I live about 130 or so miles, due west from Rochester in south western Ontario and their night signal is iffy, at best.

FWIW. AM radio at night this winter as been awful. Aren't we coming up to the top of the sun spot cycle?
 
Judging from the posts in this thread I'd hazard a guess that the interference being heard is some local phenomenon. There has been a history of WHAM's having a ring of weak coverage typical of 50kw NDAs where the skywave cancels the groundwave but usually that manifests itself a lot closer in than 130 miles - more like about 50 to 70 miles.

I have experienced an actual A-B before-and-after demonstration of IBOC self-interference, though. Back in September when WBZ was cooperating with us on diagnosing the HD night interference, I was on a cellphone with WBZ's Engineering Manager one night. I was standing by the side of the road with good-quality headphones jacked into the FIM-41, taking a signal strength reading, at the moment the IBOC carrier was switched on. BZ was delivering a whopping skywave signal, IIRC on the order of 7 mv/m.

As the HD came on, the apparent loudless of the analog WBZ signal dropped very noticeably - I would guesstimate more than 6db. There was an obvious increase in a kind of mushy distortion, I would attribute it to a form of intermod products, which was quite unpleasant. But there was also an almost supersonic whistle present when HD was on - it sounded like the old TV horizontal-oscillator "wheeeen" you used to hear around CRT receivers. It was obvious that the COFDM was doing some very odd things bouncing around the 3DX-50 and the WBZ phasing and LTU components. And it wasn't good.

I certainly don't have any specifics to offer, but there have been reports here and elsewhere of odd self-interference cases cropping up from IBOC. Maybe this is another.
 
Several years there was a daytime only station on 1180 near Cincinnati. On nights when the skip was good, WHAM blanketed the local just before the station signed off at sunset. Thats probably why they moved to 1160. The zone of interference for WHAM appears to go through Buffalo. Stations with interference zones closer in than WHAM are WWKB, WBZ, WSB and possibly KFI to the north. My observations may not be typical but were the case when I heard the stations. WLAC has an interference zone about 10 miles out from the XMTR probably due to the high frequency and poor ground conductivity in the area.
 
I know that historically WHAM's cancellation ring has been problematic in the cities of Syracuse to the east and Buffalo to the west, both around 70-80 miles distant. That's what I meant when I expressed doubt about a skywave-groundwave self-interference issue 130 miles away.
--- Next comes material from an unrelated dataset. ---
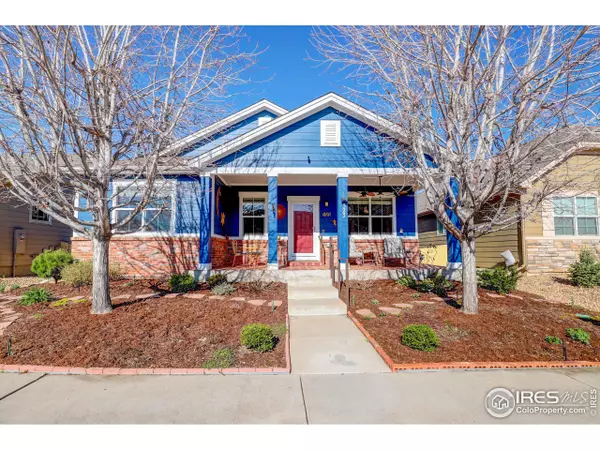 523 Summer Hawk Dr, Longmont, CO 80504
The groundwave should be just about totally attentuated before 130 miles; the Canadian listener should be getting primarily skywave that far out.

WKBW/WWKB's skywave-groundwave clash is legendary within about 80-90 miles of the station, but it's generally manifested itself in an audio "phasing" effect instead of outright cancellation of the signal. The self-interference is apparently a result of the higher frequency and the electrical height of 1520's 3 towers, which were originally cut to be 1/4 wave radiators at KB's pre-NARBA frequency of 1480 kHz.

The "phasing" sounds like the signal is perpetually fed through an old Eventide Instant-Phaser, not unlike listening to music on shortwave. When KB was running C-QUAM the phasing led to some interesting stereo-platform effects, with the stereo image shifting first slowly, then more rapidly from side to side. If you were listening in a multi-speaker car system the image would rotate around the interior of the car in circular fashion, first slowly, then more rapidly, then slowing down and sometimes even reversing direction.